Submitting the pull request¶
-
Stage the archived raw TWiki (as well as the converted Markdown document(s) and
mkdocs.yml
if you are converting the document):user@host $ git add mkdocs.yml archive/<TWIKI ARCHIVE> <PATH TO CONVERTED DOC>
Where
<TWIKI ARCHIVE>
is the name of the archived document and<PATH TO CONVERTED DOC>
is the path to the.md
file -
Commit and push your changes to your GitHub repo:
user@host $ git commit -m "<COMMIT MSG>" user@host $ git push origin <BRANCH NAME>
Change
<COMMIT MSG>
for a meaningful text that describes the conversion done and<BRANCH NAME>
with the name chosen in the 3rd step of the Preparing the git repository section -
Open your browser and navigate to your GitHub fork
-
Submit a pull request containing with the following body:
<LINK TO TWIKI DOCUMENT> - [ ] Enter date into "Migrated" column of google sheet
An example of
<LINK TO TWIKI DOCUMENT>
is: https://twiki.opensciencegrid.org/bin/view/SoftwareTeam/SoftwareDevelopmentProcess-
If you are migrating a document, also add this task:
- [ ] Add migration header to TWiki document
-
If you are archiving a document, add this task:
- [ ] Move TWiki document to the trash
-
See an example pull request here.
After the pull request¶
After the pull request is merged, replace the contents of TWiki document with the div if you're migrating the document, linking to the location of the migrated document:
<div style="border: 1px solid black; margin: 1em 0; padding: 1em; background-color: #FFDDDD; font-weight: 600;">
This document has been migrated to !GitHub (<LINK TO GITHUB DOCUMENT>). If you wish to see the old TWiki document, use the TWiki history below.
Background:
At the end of year (2017), the TWiki will be retired in favor of !GitHub. You can find the various TWiki webs and their new !GitHub locations listed below:
* Release3: https://www.opensciencegrid.org/docs ([[https://github.com/opensciencegrid/docs/tree/master/archive][archive]])
* !SoftwareTeam: https://www.opensciencegrid.org/technology ([[https://github.com/opensciencegrid/technology/tree/master/archive][archive]])
</div>
If you are archiving a document, move it to the trash instead.

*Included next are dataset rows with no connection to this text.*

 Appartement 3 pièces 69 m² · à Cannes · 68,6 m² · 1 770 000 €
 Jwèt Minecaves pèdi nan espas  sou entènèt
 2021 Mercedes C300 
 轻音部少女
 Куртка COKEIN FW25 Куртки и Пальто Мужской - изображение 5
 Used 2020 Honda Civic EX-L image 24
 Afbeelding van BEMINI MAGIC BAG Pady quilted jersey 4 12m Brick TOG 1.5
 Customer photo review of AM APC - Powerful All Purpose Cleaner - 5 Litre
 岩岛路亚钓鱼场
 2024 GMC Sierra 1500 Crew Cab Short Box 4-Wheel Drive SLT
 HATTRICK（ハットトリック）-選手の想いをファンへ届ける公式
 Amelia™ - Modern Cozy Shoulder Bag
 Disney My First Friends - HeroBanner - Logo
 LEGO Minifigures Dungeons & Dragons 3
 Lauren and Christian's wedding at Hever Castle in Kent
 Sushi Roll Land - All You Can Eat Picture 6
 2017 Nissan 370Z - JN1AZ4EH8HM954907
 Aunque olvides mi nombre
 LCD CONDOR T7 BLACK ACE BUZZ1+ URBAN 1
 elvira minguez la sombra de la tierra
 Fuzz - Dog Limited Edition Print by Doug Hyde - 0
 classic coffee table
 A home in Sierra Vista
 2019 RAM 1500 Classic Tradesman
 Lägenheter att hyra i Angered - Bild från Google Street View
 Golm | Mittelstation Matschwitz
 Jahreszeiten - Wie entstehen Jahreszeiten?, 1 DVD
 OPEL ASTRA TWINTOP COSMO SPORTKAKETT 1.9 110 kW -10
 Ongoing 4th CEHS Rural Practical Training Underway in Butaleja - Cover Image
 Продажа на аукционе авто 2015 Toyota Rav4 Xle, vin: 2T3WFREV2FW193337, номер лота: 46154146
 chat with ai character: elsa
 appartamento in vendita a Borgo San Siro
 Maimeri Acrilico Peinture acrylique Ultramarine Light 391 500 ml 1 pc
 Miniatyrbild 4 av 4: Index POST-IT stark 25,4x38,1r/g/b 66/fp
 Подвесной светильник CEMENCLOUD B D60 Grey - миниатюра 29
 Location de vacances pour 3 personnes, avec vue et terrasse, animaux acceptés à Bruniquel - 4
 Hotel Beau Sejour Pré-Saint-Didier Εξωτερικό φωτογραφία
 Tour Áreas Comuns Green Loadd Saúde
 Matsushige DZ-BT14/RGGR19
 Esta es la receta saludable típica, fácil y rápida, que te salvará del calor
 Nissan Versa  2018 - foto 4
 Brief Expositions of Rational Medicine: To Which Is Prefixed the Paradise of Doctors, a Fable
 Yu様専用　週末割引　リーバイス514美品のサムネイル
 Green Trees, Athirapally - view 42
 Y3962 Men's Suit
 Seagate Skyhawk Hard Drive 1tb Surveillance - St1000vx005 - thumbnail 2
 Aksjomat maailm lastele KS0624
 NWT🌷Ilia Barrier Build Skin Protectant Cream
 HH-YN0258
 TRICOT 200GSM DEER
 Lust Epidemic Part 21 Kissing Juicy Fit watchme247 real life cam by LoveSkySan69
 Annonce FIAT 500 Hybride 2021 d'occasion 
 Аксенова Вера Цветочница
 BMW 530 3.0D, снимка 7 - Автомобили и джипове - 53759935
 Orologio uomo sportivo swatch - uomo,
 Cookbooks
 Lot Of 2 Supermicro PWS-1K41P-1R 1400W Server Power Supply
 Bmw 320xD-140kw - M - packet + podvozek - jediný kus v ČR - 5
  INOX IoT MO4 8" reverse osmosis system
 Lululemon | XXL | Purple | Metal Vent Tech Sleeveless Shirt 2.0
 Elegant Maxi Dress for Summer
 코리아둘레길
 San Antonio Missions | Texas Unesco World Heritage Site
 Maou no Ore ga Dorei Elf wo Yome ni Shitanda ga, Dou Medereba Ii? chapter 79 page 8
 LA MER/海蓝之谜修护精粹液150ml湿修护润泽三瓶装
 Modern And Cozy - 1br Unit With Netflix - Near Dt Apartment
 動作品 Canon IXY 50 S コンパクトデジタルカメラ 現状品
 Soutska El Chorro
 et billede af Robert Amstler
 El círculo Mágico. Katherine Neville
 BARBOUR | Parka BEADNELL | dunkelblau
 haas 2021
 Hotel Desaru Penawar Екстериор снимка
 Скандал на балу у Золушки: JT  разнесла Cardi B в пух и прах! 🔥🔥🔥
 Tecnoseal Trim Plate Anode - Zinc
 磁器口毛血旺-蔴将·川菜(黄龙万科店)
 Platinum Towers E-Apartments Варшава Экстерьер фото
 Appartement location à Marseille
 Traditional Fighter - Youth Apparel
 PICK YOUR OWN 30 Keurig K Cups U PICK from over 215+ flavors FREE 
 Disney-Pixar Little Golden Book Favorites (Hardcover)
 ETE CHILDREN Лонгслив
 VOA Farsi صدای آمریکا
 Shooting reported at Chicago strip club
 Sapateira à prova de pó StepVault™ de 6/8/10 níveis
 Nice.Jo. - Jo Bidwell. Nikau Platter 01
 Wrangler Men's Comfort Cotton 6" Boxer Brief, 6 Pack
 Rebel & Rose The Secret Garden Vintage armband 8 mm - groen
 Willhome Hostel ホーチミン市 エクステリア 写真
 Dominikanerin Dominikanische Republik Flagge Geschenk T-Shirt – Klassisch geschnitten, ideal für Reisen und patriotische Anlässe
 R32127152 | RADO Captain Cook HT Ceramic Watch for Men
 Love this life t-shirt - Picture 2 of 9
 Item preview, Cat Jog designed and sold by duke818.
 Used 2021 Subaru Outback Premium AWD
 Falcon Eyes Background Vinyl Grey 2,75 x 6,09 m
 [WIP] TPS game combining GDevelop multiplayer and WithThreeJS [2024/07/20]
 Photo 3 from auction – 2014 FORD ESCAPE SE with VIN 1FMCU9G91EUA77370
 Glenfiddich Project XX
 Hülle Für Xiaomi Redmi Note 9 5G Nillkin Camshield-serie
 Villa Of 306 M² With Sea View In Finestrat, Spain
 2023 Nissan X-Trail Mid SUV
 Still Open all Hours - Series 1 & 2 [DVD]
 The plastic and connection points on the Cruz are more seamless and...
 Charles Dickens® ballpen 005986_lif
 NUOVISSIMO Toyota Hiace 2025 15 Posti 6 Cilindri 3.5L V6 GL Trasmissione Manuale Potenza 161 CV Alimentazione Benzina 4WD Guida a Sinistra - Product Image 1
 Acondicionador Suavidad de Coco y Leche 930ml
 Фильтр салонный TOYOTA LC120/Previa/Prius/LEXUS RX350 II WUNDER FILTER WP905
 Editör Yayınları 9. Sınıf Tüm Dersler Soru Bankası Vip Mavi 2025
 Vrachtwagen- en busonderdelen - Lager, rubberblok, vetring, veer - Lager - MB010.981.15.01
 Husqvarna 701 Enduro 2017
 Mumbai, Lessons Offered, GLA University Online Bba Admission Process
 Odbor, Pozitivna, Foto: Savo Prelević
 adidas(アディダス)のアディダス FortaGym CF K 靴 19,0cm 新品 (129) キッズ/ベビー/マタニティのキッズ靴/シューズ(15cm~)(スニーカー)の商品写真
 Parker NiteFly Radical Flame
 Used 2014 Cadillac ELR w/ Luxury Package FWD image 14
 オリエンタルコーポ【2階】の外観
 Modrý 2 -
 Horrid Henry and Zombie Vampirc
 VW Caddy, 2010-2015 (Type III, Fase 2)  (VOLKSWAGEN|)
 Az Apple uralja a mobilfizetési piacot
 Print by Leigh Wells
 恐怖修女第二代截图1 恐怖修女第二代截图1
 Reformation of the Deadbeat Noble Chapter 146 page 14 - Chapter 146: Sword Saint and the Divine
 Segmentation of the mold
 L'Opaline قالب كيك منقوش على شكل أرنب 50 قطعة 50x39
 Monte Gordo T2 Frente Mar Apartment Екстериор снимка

Once the document has been updated or trashed, add the date to the spreadsheet and go back to your pull request and mark your tasks as complete. For example, if you completed the migration of a document:
- [X] Enter date into "Migrated" column of google sheet
- [X] Add migration div to TWiki document
Currently, we do not recommend changing backlinks (links on other twiki pages that refer to the Twiki page you are migrating) to point at the new GitHub URL. This is to provide a simple reminder to users that the migration will occur, and also is likely low priority regardless as all pages will eventually migrate to GitHub. This advice may change in the future as we gain experience with this transition.
Reviewing pull requests¶
To review pull requests, cd
into the dir containing your git repository and check out the requester's branch, which the twiki-converter container should automatically notice. Here's an example checking out Brian's cut-sw-release
branch of the technology repository:
# Add the requester's repo as a remote if you haven't already
user@host $ git remote add blin https://www.github.com/brianhlin/technology.git
user@host $ git fetch --all
user@host $ git checkout blin/cut-sw-release
Refresh your browser and navigate to the document in the request.